=== Begin Enclosure ===
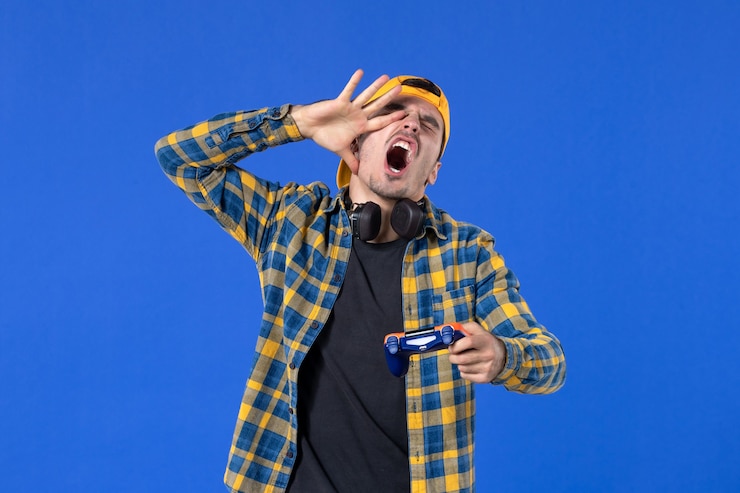 Foto grátis vista frontal de um jovem animado com gamepad jogando videogame na parede azul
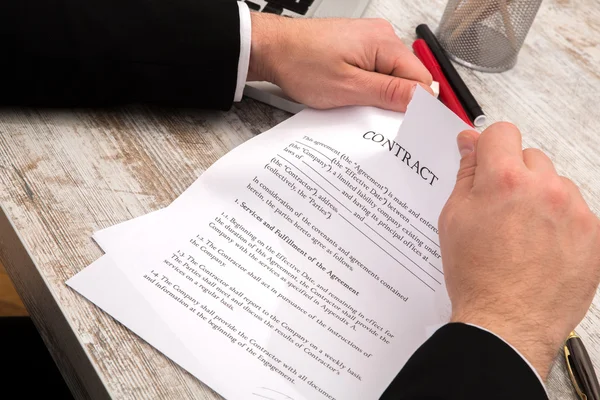 A businessman signing a Contract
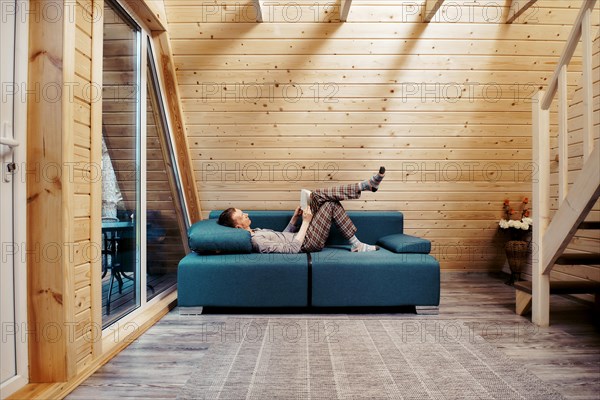 Middle aged man relaxing with book on sofa at chalet. Man in checkered trousers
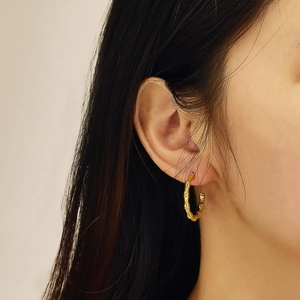 Close-up of a model wearing gold bamboo-textured hoop earrings in stainless steel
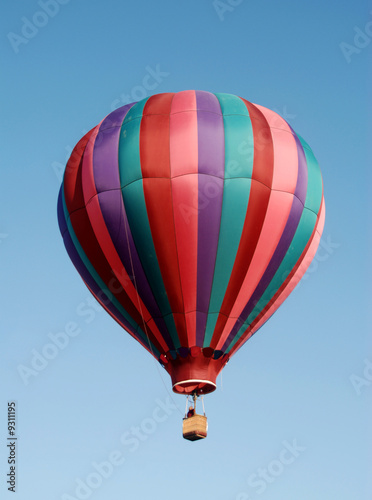 Photo: Colorful hot air balloon floating in blue sky Colorful hot air balloon floating in blue sky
=== End Enclosure ===
# TASK PROMPT
Return exactly the lines starting at the line with "Close-up of a" and ending at the last line of the listing, both ends included; pictures are to be left out.

# YOUR RESPONSE
 Close-up of a model wearing gold bamboo-textured hoop earrings in stainless steel
 Photo: Colorful hot air balloon floating in blue sky Colorful hot air balloon floating in blue sky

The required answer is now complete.